I’m cribbing the title of this from the 1995 Leonardo DiCaprio film The Basketball Diaries. If you know the movie, you might be thinking, “Waitaminute—is Eric is about to cop to selling his body in a bathroom stall for money to get high?”
No.
The Basketball Diaries is a cautionary tale about kids and drugs, a recurrent theme for most of my young life. What began as a PSA involving an egg and a skillet ends in a dirty bathroom stall. I don’t know if that’s the natural progression of these things, but The Basketball Diaries terrified me far more than an authoritative father-figure scowling in disapproval while making breakfast. Please, bro—I saw that every day.
In a case study of one person—me—The Basketball Diaries was effective propaganda. Turns out you can be scared straight.
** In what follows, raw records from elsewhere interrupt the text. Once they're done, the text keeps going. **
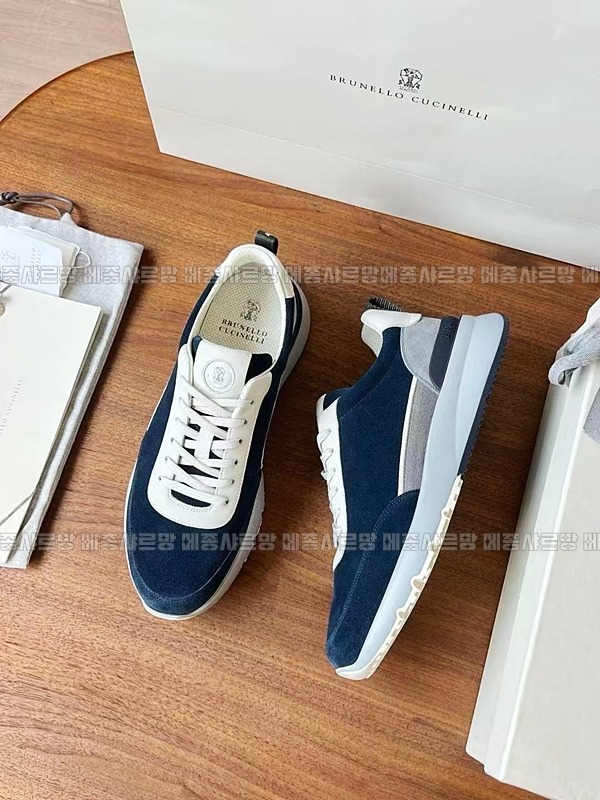 브루넬로쿠치넬리남자스니커즈20241221-150703-006메종샤르망.JPG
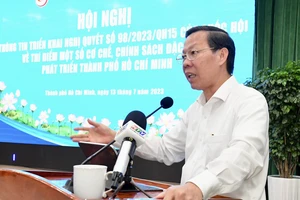Chủ tịch UBND TPHCM Phan Văn Mãi phát biểu tại hội nghị. Ảnh: VIỆT DŨNG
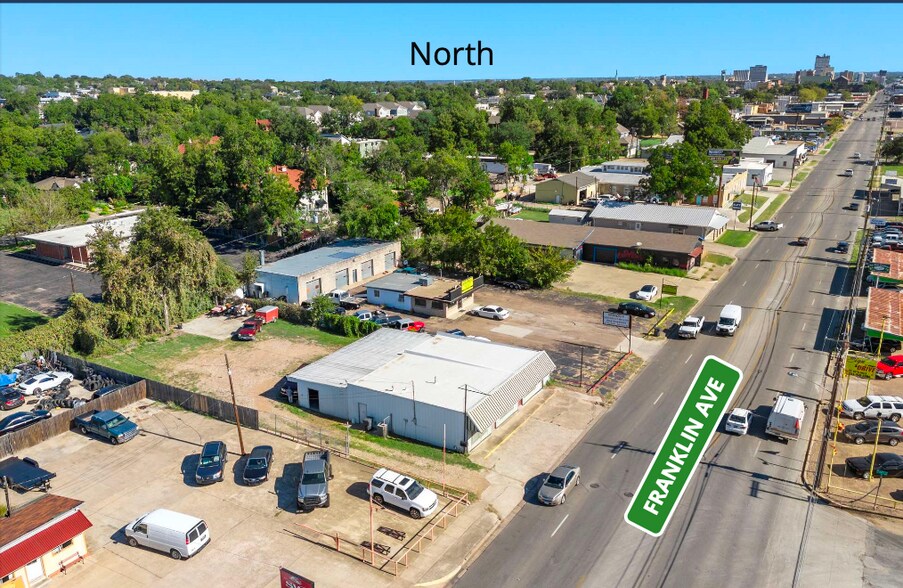 2125 Franklin Ave, Waco, TX à louer - Photo principale – Image 1 sur 7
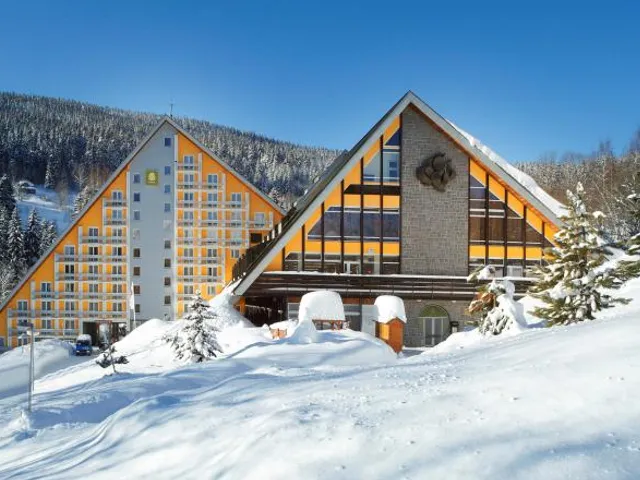 Pinia Hotel & Resort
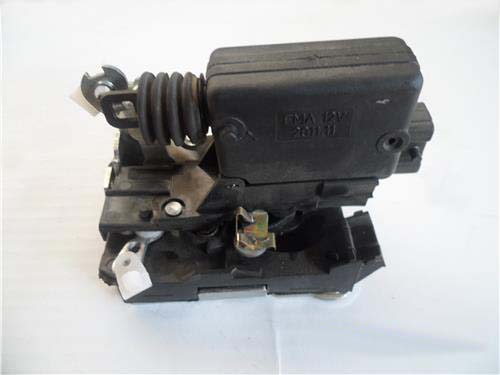 EGEKARAYEL ÖN KAPI KİLİDİ MOTORLU SAĞ MASTER 7701046146-7700352457 OEM: 7701046146-7700352457 - EGEKARAYEL 151 kodlu oto yedek parça görseli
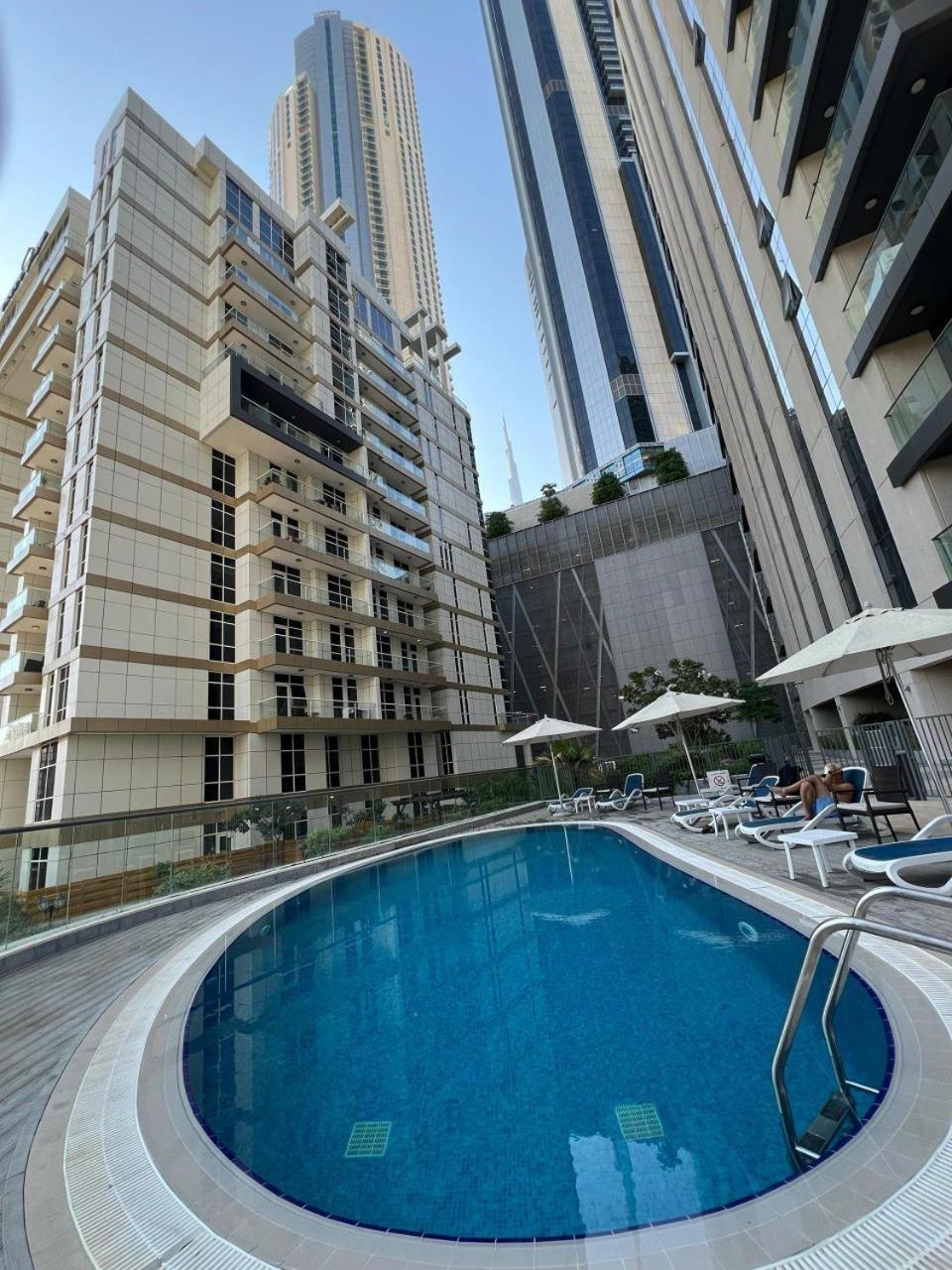 Downtown Holiday'S - 1 Min To Dubai Mall & Burj Khalifa Hostel Kültér fotó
However, as a basketball movie, it’s a complete letdown. This may sound shallow but whatever, I was 17 at the time—I only watched it because basketball was in the title. Picture young-me settling in, thinking I’m about to see an artful take on White Men Can’t Jump and instead discovering it’s about an emaciated Leo seriously feening for drugs.
At the time, I devoured anything to do with basketball.
When you’re taller than everyone else, the default assumption is you play. So I did. But I didn’t get serious until high school. After we moved to a remote area of Northern Michigan—picture the Antarctica settlement from The Thing but with more lederhosen—my brother and I lived at the community center. It was only a couple of blocks from our house, and there was literally nothing else to do.